**Given entries**
++++++++++

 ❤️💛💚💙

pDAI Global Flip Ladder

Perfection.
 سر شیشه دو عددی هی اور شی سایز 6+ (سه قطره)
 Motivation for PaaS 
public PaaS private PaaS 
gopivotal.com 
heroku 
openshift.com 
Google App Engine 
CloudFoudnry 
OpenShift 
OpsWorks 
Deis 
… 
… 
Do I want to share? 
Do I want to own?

++++++++++

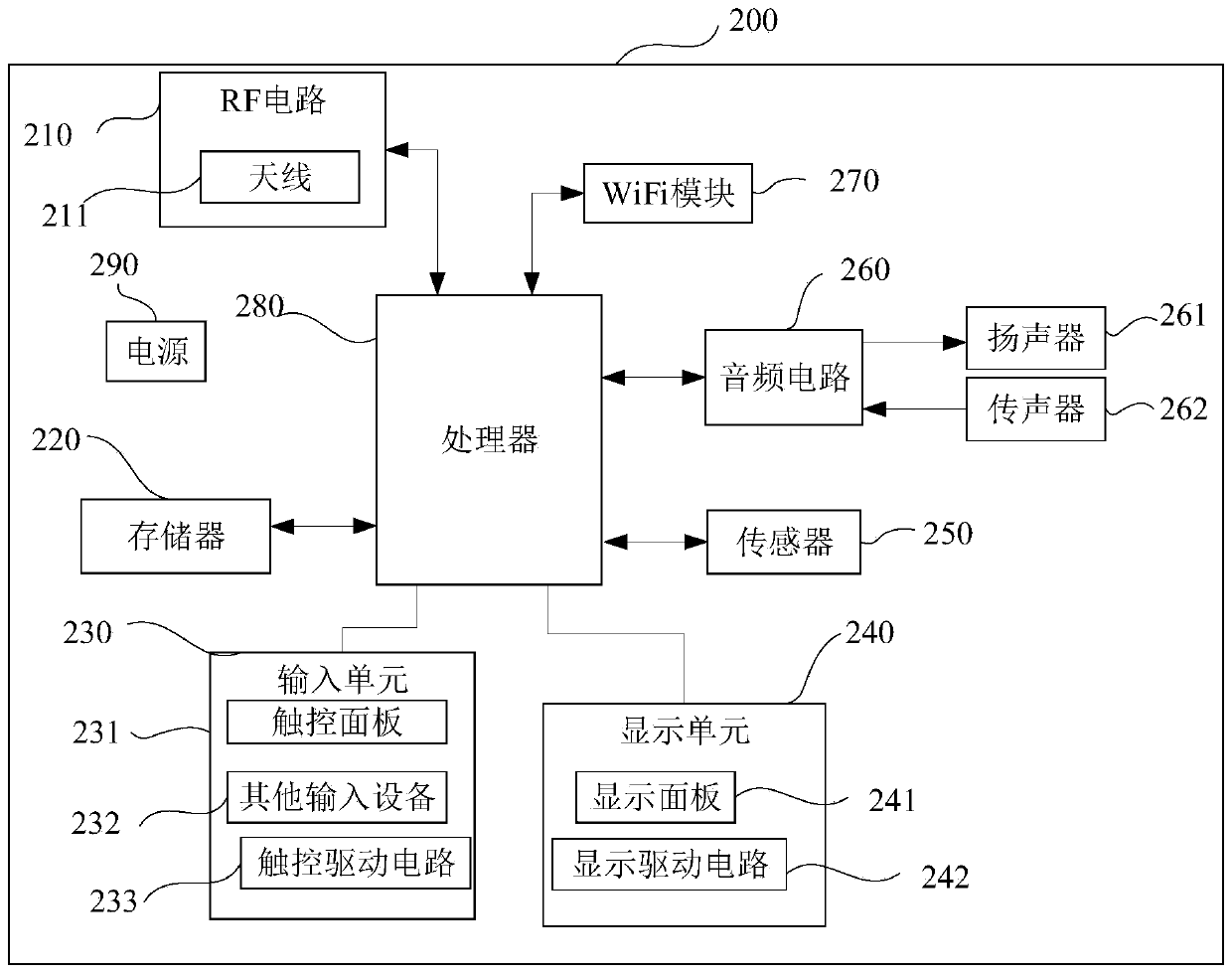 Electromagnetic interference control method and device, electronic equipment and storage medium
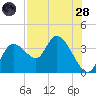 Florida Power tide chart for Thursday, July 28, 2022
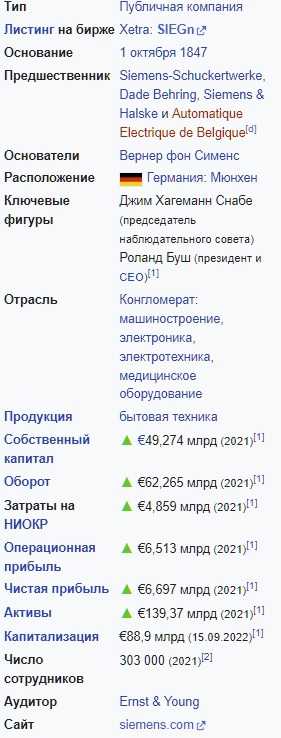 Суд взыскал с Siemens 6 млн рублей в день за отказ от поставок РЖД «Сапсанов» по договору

++++++++++

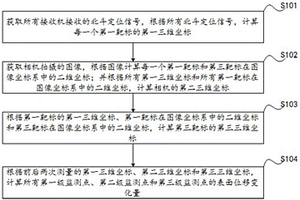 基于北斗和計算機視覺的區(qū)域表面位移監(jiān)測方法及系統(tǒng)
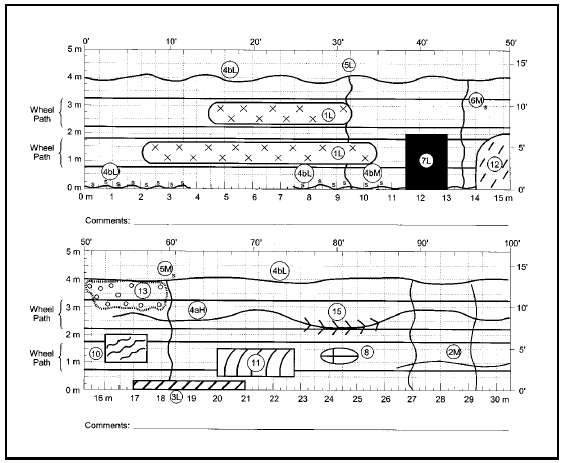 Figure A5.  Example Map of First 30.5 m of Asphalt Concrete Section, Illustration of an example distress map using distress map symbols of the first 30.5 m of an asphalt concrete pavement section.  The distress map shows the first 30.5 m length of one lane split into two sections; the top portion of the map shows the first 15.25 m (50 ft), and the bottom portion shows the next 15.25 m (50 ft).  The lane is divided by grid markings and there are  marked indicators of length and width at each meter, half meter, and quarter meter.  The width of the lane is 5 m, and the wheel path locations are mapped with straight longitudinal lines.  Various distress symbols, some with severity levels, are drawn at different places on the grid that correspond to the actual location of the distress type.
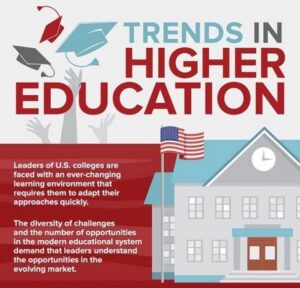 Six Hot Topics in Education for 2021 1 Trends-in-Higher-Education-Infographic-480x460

++++++++++

**What is being asked**
In the listing above, start at the line with "Perfection.", go on through the line with "Do I want to own?", and copy each of those lines exactly; leave out all the rest.

**Answer to the exercise**
Perfection.
 سر شیشه دو عددی هی اور شی سایز 6+ (سه قطره)
 Motivation for PaaS 
public PaaS private PaaS 
gopivotal.com 
heroku 
openshift.com 
Google App Engine 
CloudFoudnry 
OpenShift 
OpsWorks 
Deis 
… 
… 
Do I want to share? 
Do I want to own?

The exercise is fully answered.